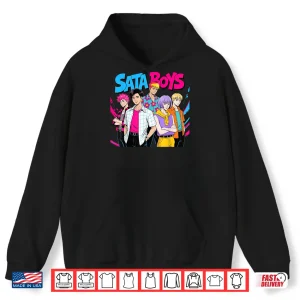Saja Boy Manwa Style K Pop Demon Hunter Shirt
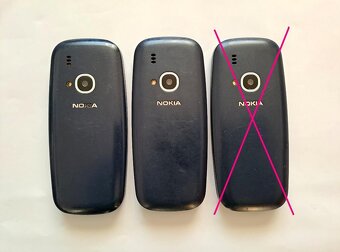 NOKIA 3310 z Roku 2000 + 3315 + 3330 + 3310 z Roku 2017 - 15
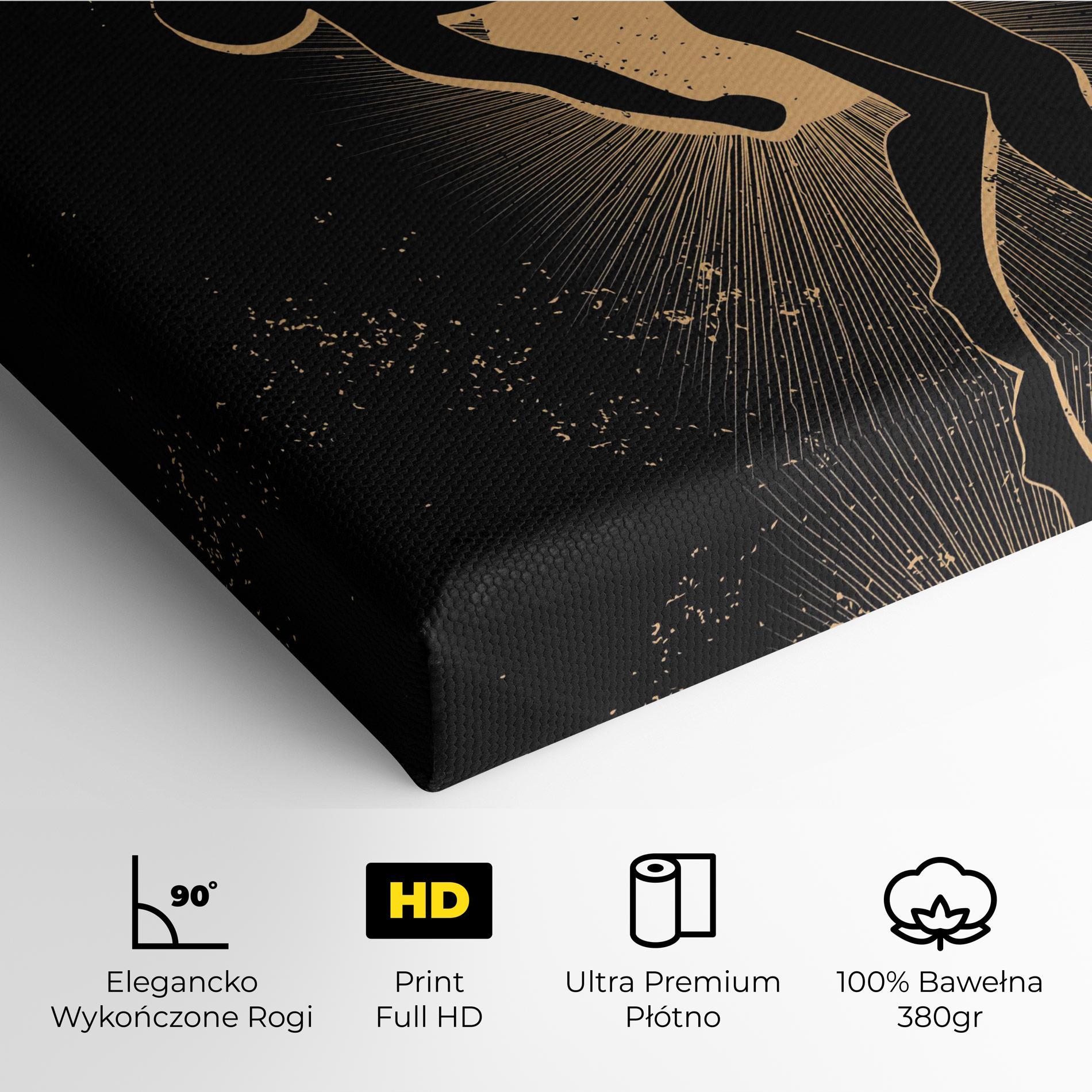 Obraz na Płótnie Body And Soul mockup 4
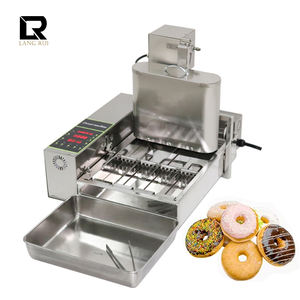 Fabricant commercial Pon De Ring 2Kw <span class=keywords><strong>espagnol</strong></span> haute efficacité économie de travail Robot beignet Machine pour la vente en gros - Product Image 1
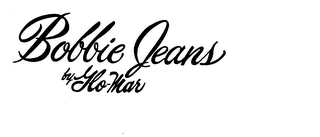 BOBBIE JEANS BY GLO-MAR logo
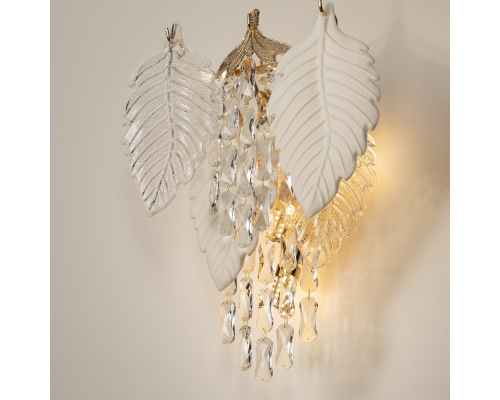 Citilux Darby CL309342 Бра хрустальное Золото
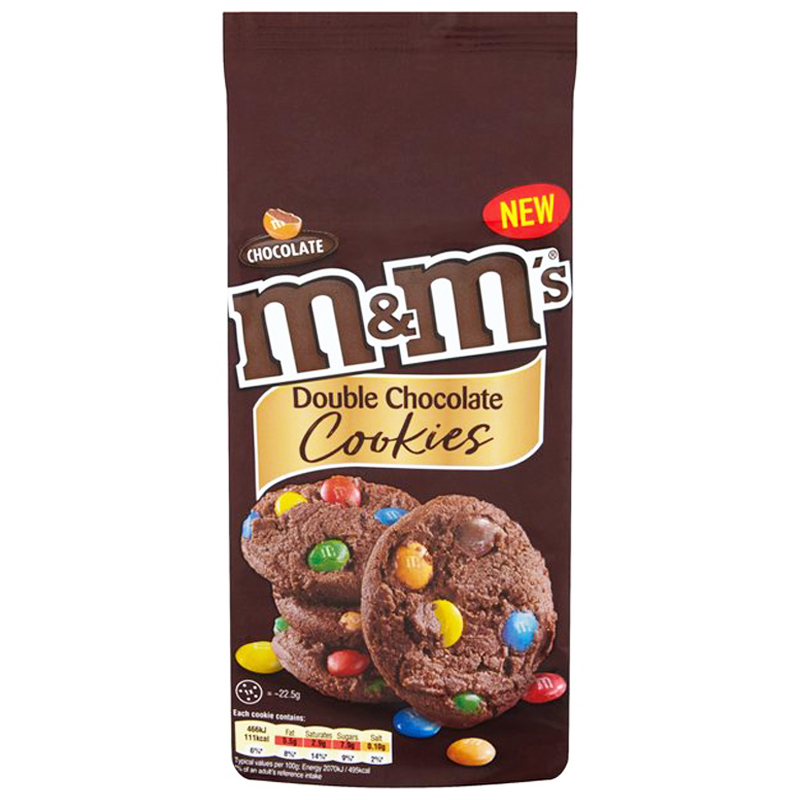 Kakor "Double Chocolate" 180g - 40% rabatt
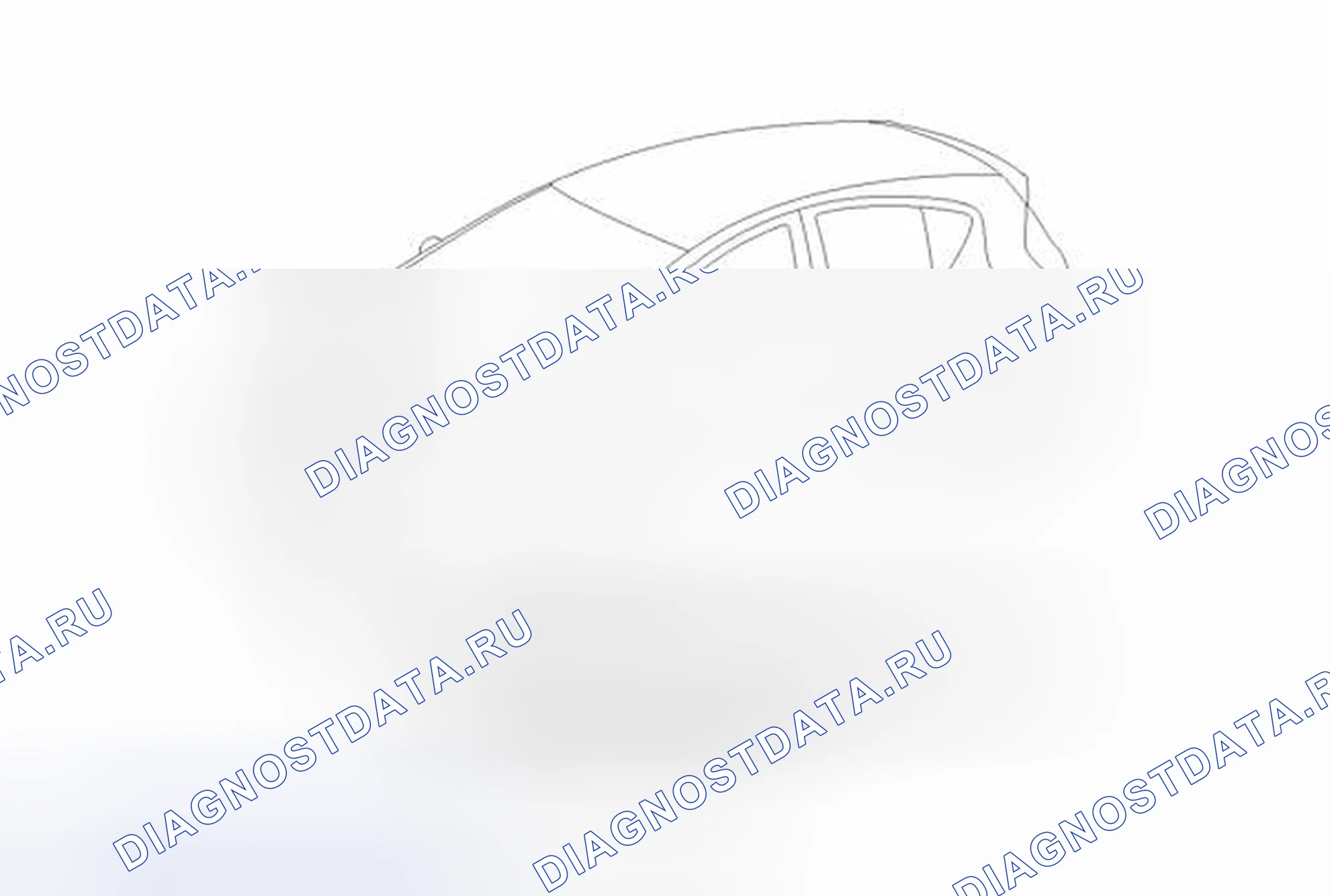 Рис. 131: ИЛЛЮСТРАЦИЯ. Toyota Prius C I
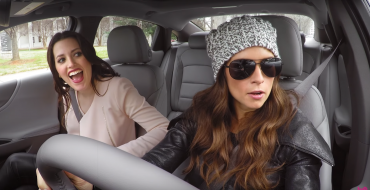 Danica Patrick Pilots a Chevy Malibu as an Undercover Lyft Driver in Charlotte [VIDEO]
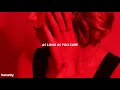 Ruel - as long as you care // Lyrics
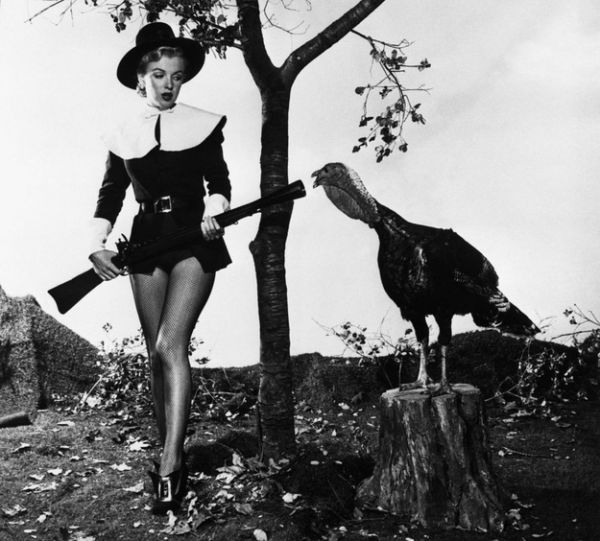 marilynwithturkey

§ **EXERCISE DETAILS**:
Everything from the line containing "NOKIA 3310 z" to the final line of the listing above, both ends included, should be transcribed word for word, except for the pictures.

§ **OUTPUT FOR THIS TASK**:
 NOKIA 3310 z Roku 2000 + 3315 + 3330 + 3310 z Roku 2017 - 15
 Obraz na Płótnie Body And Soul mockup 4
 Fabricant commercial Pon De Ring 2Kw <span class=keywords><strong>espagnol</strong></span> haute efficacité économie de travail Robot beignet Machine pour la vente en gros - Product Image 1
 BOBBIE JEANS BY GLO-MAR logo
 Citilux Darby CL309342 Бра хрустальное Золото
 Kakor "Double Chocolate" 180g - 40% rabatt
 Рис. 131: ИЛЛЮСТРАЦИЯ. Toyota Prius C I
 Danica Patrick Pilots a Chevy Malibu as an Undercover Lyft Driver in Charlotte [VIDEO]
 Ruel - as long as you care // Lyrics
 marilynwithturkey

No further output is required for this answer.